I see others getting 80 Mbps. Any pointers as to why these results are so poor?
I am using the STM32H7 Ethernet driver that comes with the +TCP stack:
FreeRTOS-Plus-TCP/portable/NetworkInterface/STM32Hxx/NetworkInterface.c
…as opposed to the Ethernet driver that comes with the ST HAL. Which Ethernet driver should I be using?
Basically better avoid HAL when striving for performance and efficiency
In your case the bottleneck is almost certainly not the driver. Question is what is it.
Is there something else eating up the CPU ? Did you configure the stack for performance giving appropriate prio, enough buffers, suitable MTU size, etc ? Which allocation scheme do you use ? Perhaps post your FreeRTOSIPConfig.h.
Do you have Wireshark at hand and had a look at the traffic ? Could you verify the PHY came up with a 100MBit Full-Duplex link ? …
When I tested iperf3 on my STM32H747, I was also happy about the results, and I used the same driver as you do.

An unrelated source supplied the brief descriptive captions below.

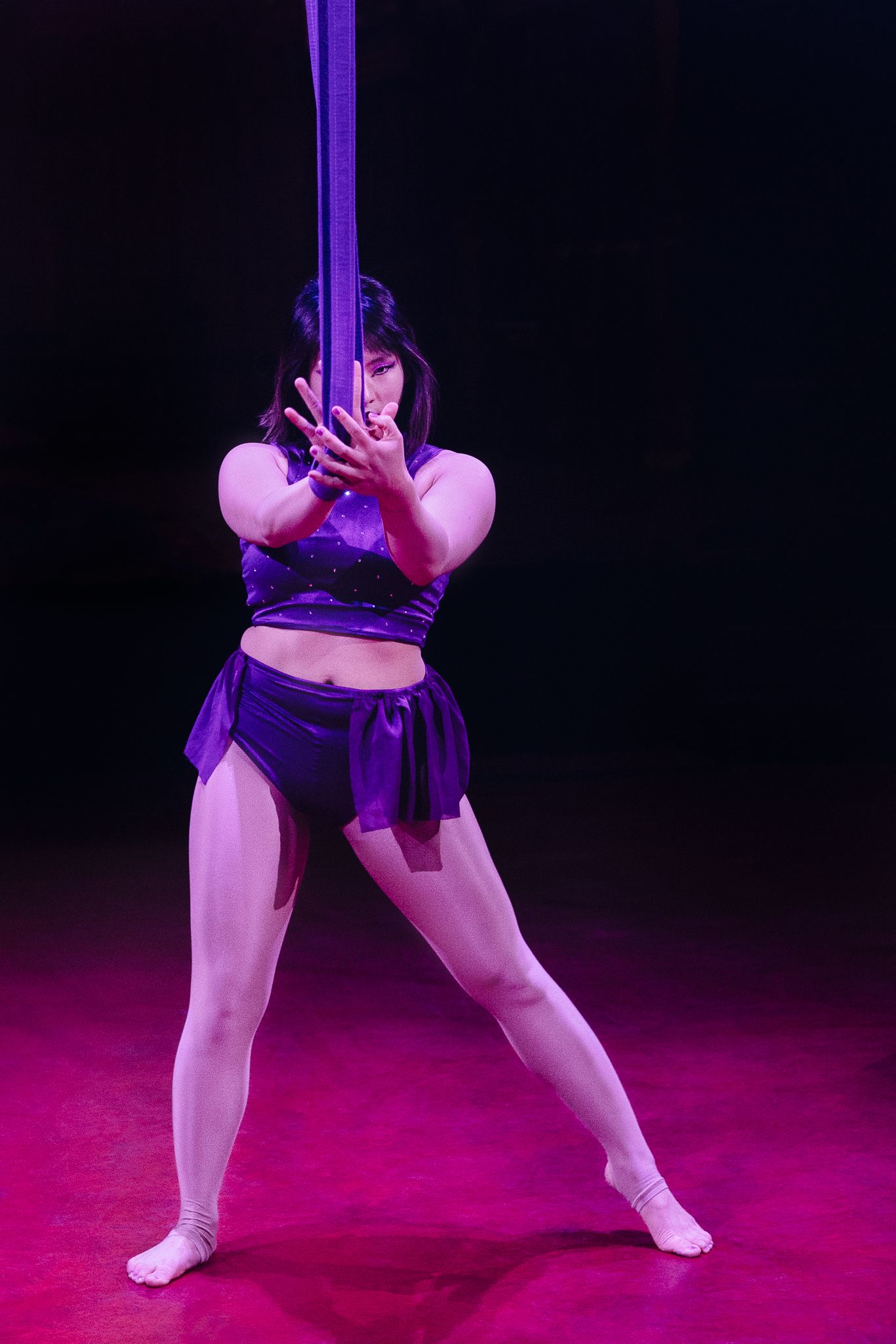 Series of four dance poses showing graceful movement with a purple silk prop against a magenta backdrop.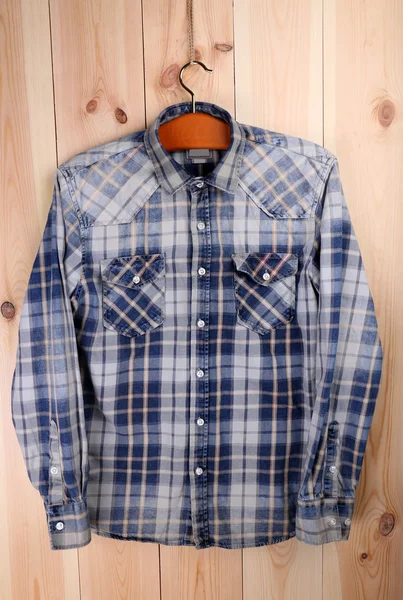 Male shirt on hanger — Stock Photo, Image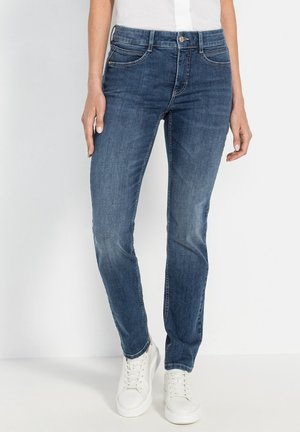 Dunkelblaue Denim-Jeans mit schmaler Passform, fünf Taschen-Design und dezentem Verblassen. Mit weißen Sneakers zur Kontrastierung kombiniert.
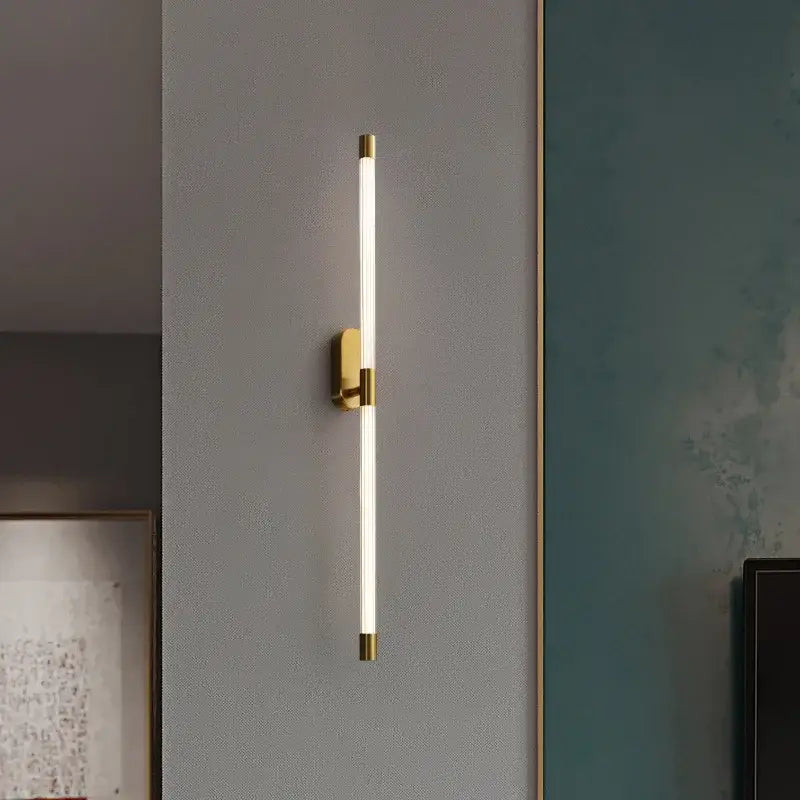 A modern minimalist gold and black decorbites acrylic line led wall light with a gold metal frame and soft white illumination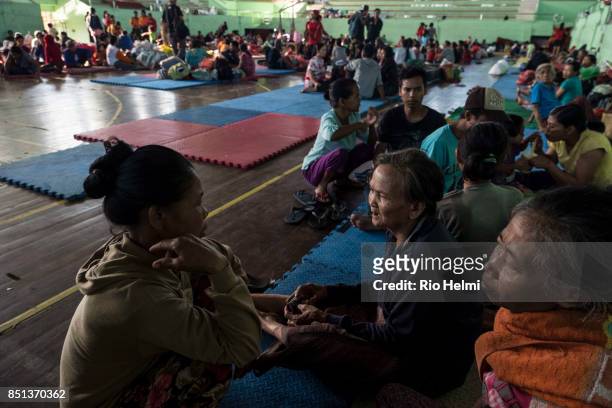 Evacuees from the southern slopes of the volcano Mt AGung in Bali in the temporary shelter at the sports stadium of Klungkung where this morning on...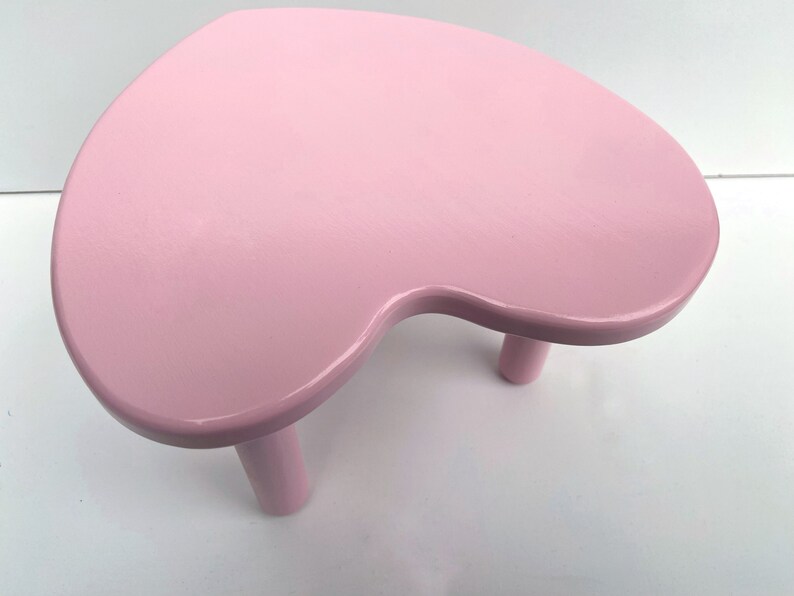 Peut inclure: Un tabouret en forme de c&oelig;ur rose avec trois pieds. Le tabouret est en bois et a une finition lisse et brillante.
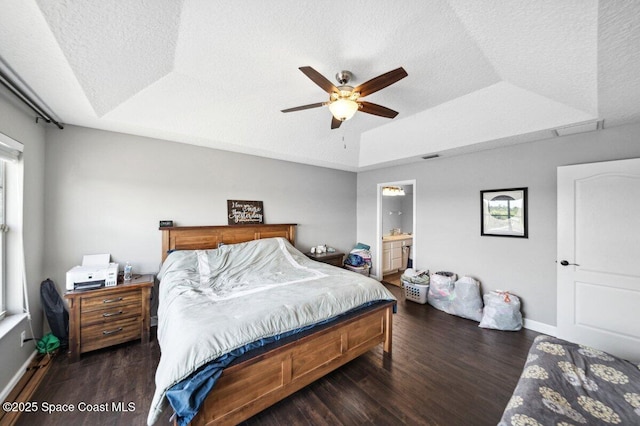 1236 Foxridge Pl, Melbourne, FL 32940 - bedroom with a raised ceiling, wood finished floors, a textured ceiling, ceiling fan, and connected bathroom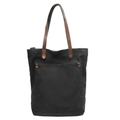 Large black canvas tote bag with brown leather handles and front pocket storage - Black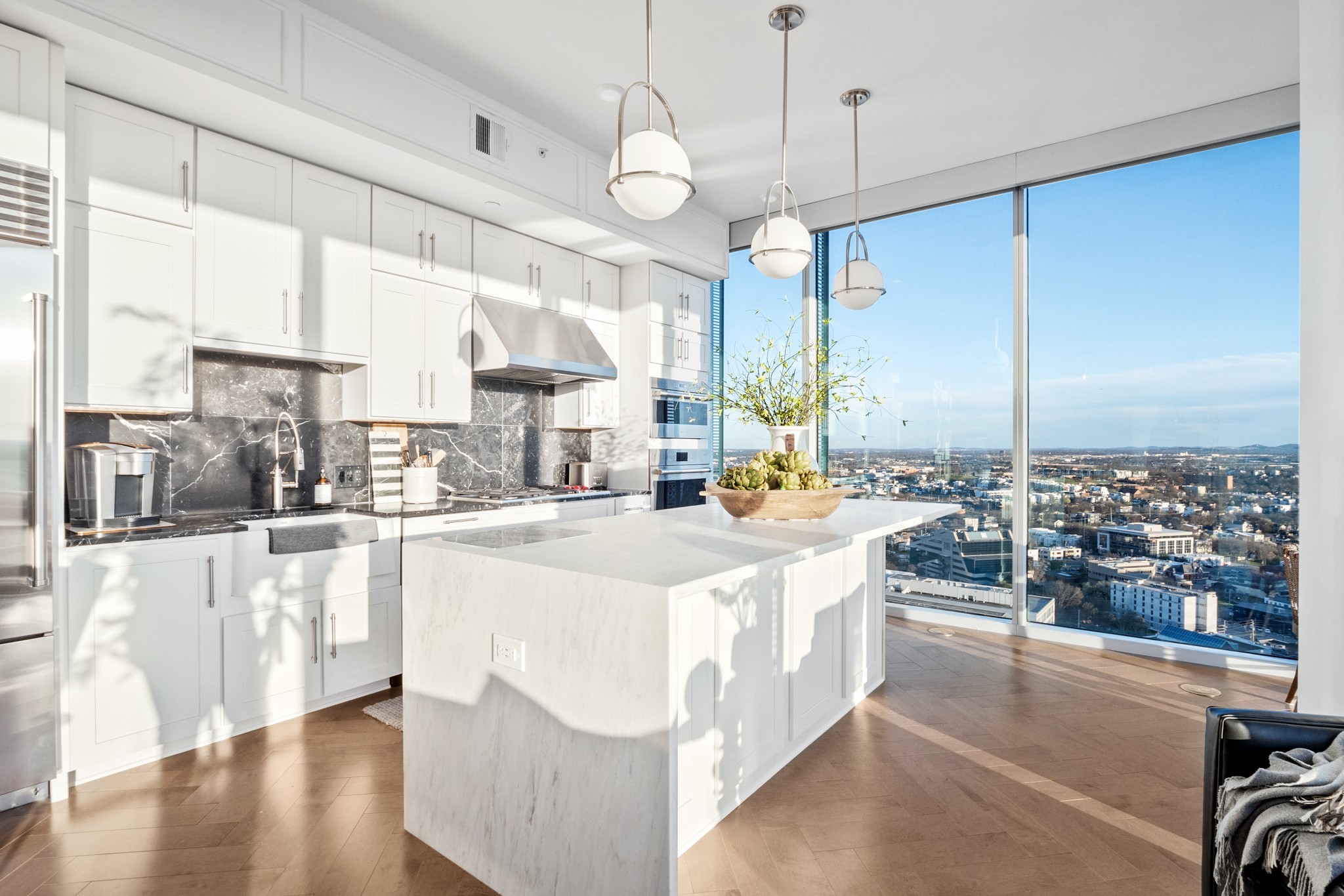 a large white kitchen with a large window and stainless steel appliances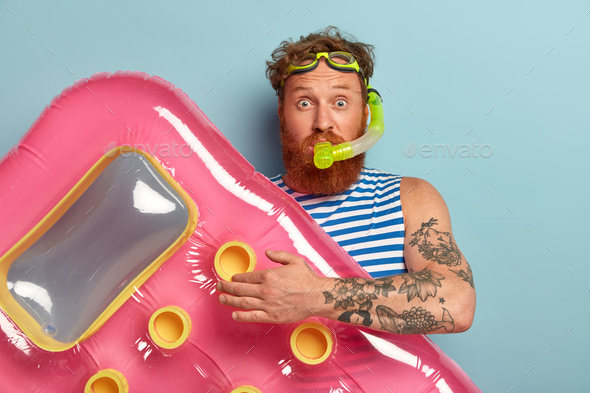 Studio shot of surprised bearded red man wears snorkel mask, holds pink inflated mattress, wears sai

In my testing project, the following was defined in FreeRTOSIPConfig.h:
#define USE_IPERF 1
#define ipconfigIPERF_DOES_ECHO_UDP 0
#define ipconfigIPERF_VERSION 3
#define ipconfigIPERF_STACK_SIZE_IPERF_TASK 680
#define ipconfigIPERF_TX_BUFSIZE ( 24 * ipconfigTCP_MSS )
#define ipconfigIPERF_TX_WINSIZE ( 12 )
#define ipconfigIPERF_RX_BUFSIZE ( 24 * ipconfigTCP_MSS )
#define ipconfigIPERF_RX_WINSIZE ( 12 )
/* The iperf module declares a character buffer to store its send data. */
#define ipconfigIPERF_RECV_BUFFER_SIZE ( 24 * ipconfigTCP_MSS )
EDIT The original iperf settings in this post were not the right ones. The above settings give a much better performance. It assumes that there is a lot of RAM for buffering.
When the traffic is so slow, it could be interesting to look at the actual iperf session in a PCAP. Could you make a PCAP, zip and attach it?
In case you can not attach a ZIP file, you can also email it to me:
hein [at] htibosch [dot] net.
But I have asked the moderator to allow you to attach files to your posts.
You can filter the iperf packets with tcp.port==5001.
And can you please also look at the questions from Hartmut?
About priorities:
The task in NetworkInterface: higher priority
The IP-task : normal priority
All tasks that make use of the IP-stack: lower priority.
So the iperf task gets a lower priority. For example:
The Cortex-M7 is running on 400 MHz ( maximum 480 MHz ).
The IDE is STM32CubeIDE, Version: 1.4.2, Build: 7643.
The test shows the following performance:
Receiving TCP data at 80 Mbits/sec or better
Sending TCP data at 90 Mbits/sec or better ( using iperf -R )
Both the laptop and the STM32 board are connected to a (100/1000 Mbps) network switch.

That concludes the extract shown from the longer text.